Candlestick Park will soon go out with a bang, when developer Lennar Corp. razes it as part of the Hunters Point Shipyard project. In its place, retail, offices and hotels will rise, in addition to new housing.
If that housing were as tightly packed as Manhattan’s, where there are about 171 residents per acre (in the 2010 census), then the void left by the stadium and parking lot could accommodate more than 14,000 people — a population density still “well below parts of Hong Kong,” Johnston noted in an email he sent us this month after reading our coverage of creative solutions to the housing crisis (the cover story in the Public Press’ Summer 2014 print edition).
The scheme — you might call it the “candelabra plan” — would add roughly 6,000 homes, if each apartment housed the citywide average of 2.31 people. That would add 50 percent more units to existing plans, which call for 12,000 homes that Lennar Corp. currently plans to produce by the year 2029.
Johnston, a San Francisco native who went on to become a business reporter at the San Jose Mercury News, the New York Times, and Reuters — and won a Pulitzer Prize in 2001 for investigative reporting — is not the only one to toy with what some disdainfully call “Manhattanization.” David Baker Architects, a San Francisco firm, designed various hypothetical neighborhoods that could fit up to 270,000 people into one square mile, which Fast Company magazine elaborated in May. The firm’s executives wanted to see how the city might accommodate a ballooning population, which the Association of Bay Area Governments expects to surpass 1 million by 2040.
“As cities grow, they tend to grow upward,” Johnston said. “I can remember when there were farms on the west side of Los Angeles in the mid 1950s and today there are high-rise towers.”
Johnston also suggested getting rid of the nearby Candlestick RV Park, to free up more space to build new housing. “RV parking — really?” he said, “With the high cost of land?” The city might be able to use its power of eminent domain to seize these 10 acres for additional apartments, he mused.
Combined with stadium-located housing, that construction might push back on demand to slow the seemingly endless climb in citywide housing prices.
In 2012 the city’s chief economist, Ted Egan, said that new construction could indeed have that effect.
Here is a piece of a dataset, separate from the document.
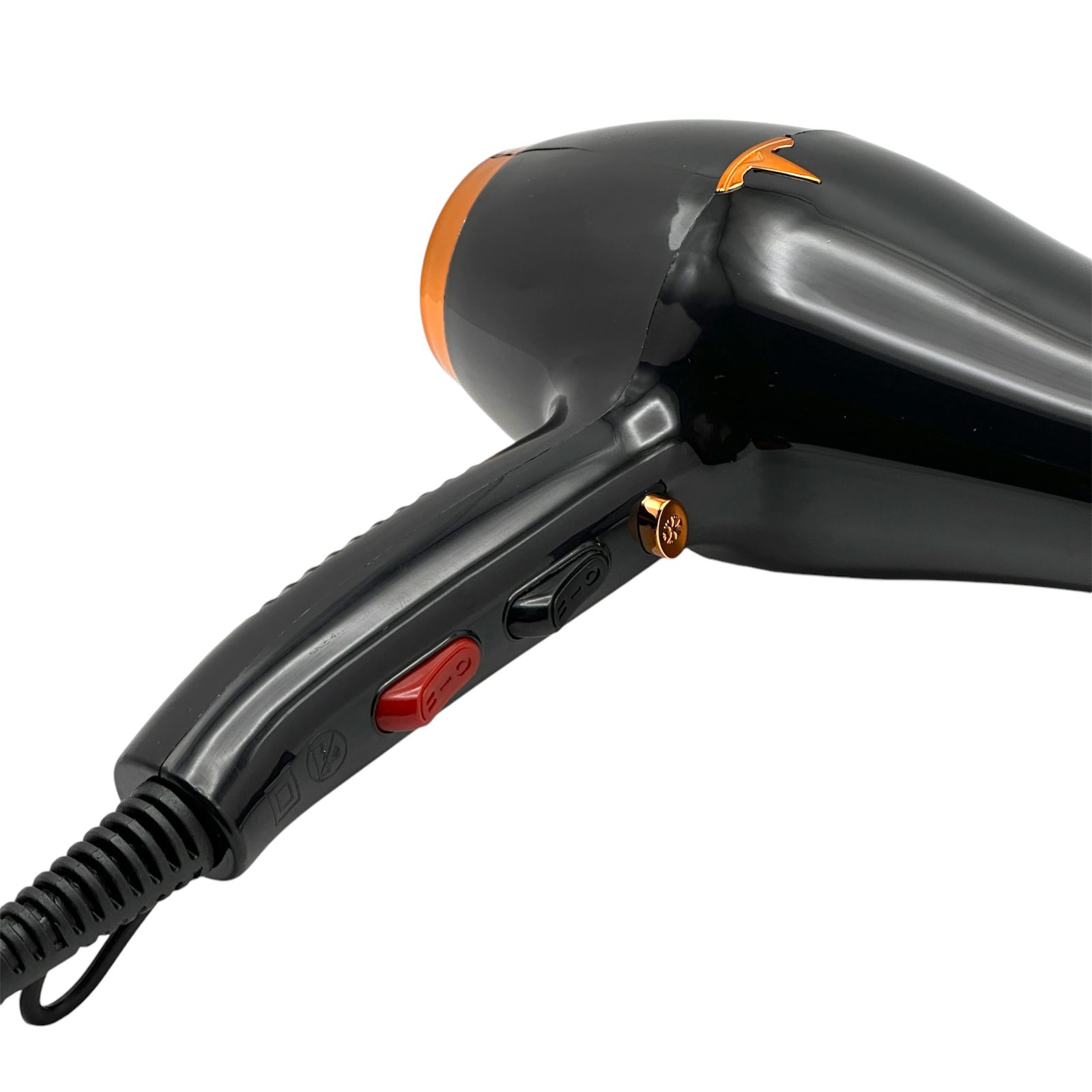 سشوار حرفه ای براون مدل BR-700 -  - 3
At the time he said it would take at least 100,000 new homes before overall prices would drop in a significant way.
But Egan walked that statement back earlier this year.
“Whether such a level of construction would ‘really impact’ prices is a matter of opinion,” he told the San Francisco Examiner. That equivocation came shortly after Mayor Ed Lee unveiled what he called an “aggressive goal” of building 30,000 new or rehabilitated homes by the year 2020, an agenda that actually created no new housing other than what developers had already planned, the Public Press reported.
(That 30,000 pledge was at the center of San Francisco Proposition K, which was passed by 65 percent of the electorate on Nov. 4. The proposition merely states city policy and will have basically no direct effect on spending, taxes, fees or city regulations.)
By contrast, Johnston’s idea to build towers in Candlestick Park would create new massive amounts of housing, beyond what is already in the pipeline — close to the new Third Street light-rail line, Caltrain and other public transit routes.
“Also, think of this as a chance to do a model low-energy project,” Johnston said. The buildings could be outfitted with solar energy panels or mini-wind turbines, reducing energy costs.
For political reasons, Manhattan-style towers may not grace the city’s southeast sector anytime soon. But that is not the point, Johnston said.
“The idea is to encourage discussion and suggest new paradigms,” he said. “Think outside the box — things that San Francisco has always been famous for.”
This article is a follow-up to our special report on solutions for housing affordability in San Francisco, the cover story in the 2014 print edition.